▸ Required action: Please give the number of lines in the records below that include "about", with no other output.
** Opening Extracted entries block **
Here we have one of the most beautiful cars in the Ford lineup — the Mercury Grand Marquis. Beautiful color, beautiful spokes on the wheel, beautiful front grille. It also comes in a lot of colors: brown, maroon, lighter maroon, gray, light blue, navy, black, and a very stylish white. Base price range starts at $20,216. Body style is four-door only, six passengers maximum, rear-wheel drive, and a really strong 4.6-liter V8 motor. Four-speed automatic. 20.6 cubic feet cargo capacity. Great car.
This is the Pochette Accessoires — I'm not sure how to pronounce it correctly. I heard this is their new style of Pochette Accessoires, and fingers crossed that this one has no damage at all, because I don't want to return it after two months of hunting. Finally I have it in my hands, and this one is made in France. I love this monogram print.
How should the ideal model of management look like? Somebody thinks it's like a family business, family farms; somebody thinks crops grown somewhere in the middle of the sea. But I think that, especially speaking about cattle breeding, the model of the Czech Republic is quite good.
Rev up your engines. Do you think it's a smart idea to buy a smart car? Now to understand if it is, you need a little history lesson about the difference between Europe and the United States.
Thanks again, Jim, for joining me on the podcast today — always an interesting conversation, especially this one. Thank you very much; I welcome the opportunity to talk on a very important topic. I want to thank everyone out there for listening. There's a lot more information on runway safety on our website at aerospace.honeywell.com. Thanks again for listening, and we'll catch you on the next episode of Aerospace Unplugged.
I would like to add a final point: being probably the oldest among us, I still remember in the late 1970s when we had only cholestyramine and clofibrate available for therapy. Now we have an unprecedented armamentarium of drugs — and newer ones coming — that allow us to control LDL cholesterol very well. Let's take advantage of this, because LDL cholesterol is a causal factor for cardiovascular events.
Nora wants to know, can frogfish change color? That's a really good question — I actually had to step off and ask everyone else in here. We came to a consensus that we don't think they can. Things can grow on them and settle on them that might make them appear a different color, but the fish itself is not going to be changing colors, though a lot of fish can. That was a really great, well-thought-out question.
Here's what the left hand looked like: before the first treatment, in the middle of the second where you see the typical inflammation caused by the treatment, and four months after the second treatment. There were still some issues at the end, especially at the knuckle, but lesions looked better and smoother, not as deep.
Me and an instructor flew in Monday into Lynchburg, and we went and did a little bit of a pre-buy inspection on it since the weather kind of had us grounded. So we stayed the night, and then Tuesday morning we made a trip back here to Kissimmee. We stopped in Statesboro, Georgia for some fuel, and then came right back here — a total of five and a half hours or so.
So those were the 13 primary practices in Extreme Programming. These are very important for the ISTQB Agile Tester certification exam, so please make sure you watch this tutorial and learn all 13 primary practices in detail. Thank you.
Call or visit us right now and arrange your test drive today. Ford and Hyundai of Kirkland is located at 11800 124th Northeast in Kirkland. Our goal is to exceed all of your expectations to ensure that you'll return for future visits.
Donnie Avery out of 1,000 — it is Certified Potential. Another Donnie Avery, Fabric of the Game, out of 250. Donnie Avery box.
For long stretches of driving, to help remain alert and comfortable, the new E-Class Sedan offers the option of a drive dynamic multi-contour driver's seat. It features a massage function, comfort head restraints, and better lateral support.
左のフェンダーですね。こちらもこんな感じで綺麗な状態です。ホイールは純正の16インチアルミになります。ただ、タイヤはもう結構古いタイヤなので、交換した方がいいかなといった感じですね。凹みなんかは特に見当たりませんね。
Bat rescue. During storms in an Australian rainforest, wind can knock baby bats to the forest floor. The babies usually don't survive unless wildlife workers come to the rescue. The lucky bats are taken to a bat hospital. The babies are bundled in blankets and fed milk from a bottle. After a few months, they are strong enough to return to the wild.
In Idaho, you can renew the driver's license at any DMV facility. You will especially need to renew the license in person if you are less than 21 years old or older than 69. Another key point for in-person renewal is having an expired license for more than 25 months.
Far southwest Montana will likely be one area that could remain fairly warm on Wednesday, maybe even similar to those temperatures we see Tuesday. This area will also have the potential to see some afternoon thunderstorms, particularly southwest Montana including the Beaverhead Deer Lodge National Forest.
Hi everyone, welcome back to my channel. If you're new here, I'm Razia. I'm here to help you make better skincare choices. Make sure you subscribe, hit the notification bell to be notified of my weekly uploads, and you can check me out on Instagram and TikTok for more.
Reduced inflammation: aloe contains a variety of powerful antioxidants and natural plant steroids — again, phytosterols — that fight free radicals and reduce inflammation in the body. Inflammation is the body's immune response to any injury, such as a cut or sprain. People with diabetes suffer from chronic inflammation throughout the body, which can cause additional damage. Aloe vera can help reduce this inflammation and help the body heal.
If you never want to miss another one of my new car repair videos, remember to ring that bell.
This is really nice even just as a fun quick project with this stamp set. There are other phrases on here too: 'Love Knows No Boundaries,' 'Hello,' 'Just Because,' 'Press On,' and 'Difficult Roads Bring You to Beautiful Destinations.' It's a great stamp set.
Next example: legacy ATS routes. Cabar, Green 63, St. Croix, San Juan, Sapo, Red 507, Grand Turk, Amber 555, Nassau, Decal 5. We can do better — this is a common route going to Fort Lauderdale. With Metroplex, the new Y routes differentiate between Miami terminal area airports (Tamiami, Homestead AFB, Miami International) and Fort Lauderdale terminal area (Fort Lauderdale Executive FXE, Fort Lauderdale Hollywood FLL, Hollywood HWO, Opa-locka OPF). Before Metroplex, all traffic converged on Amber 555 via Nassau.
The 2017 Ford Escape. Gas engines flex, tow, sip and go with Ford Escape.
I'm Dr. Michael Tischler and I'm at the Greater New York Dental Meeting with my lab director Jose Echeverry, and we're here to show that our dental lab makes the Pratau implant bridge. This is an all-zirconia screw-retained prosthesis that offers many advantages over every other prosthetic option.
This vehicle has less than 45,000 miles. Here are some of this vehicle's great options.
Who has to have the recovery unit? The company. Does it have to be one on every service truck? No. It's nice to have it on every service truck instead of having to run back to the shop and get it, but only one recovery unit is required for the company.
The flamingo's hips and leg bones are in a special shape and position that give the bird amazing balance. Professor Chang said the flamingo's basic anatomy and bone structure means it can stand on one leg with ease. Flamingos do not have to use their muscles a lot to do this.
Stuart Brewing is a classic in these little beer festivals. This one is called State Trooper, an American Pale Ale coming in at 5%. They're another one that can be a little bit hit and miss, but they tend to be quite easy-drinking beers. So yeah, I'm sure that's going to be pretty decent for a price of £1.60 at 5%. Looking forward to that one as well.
** Closing Extracted entries block **
▸ Response below: 2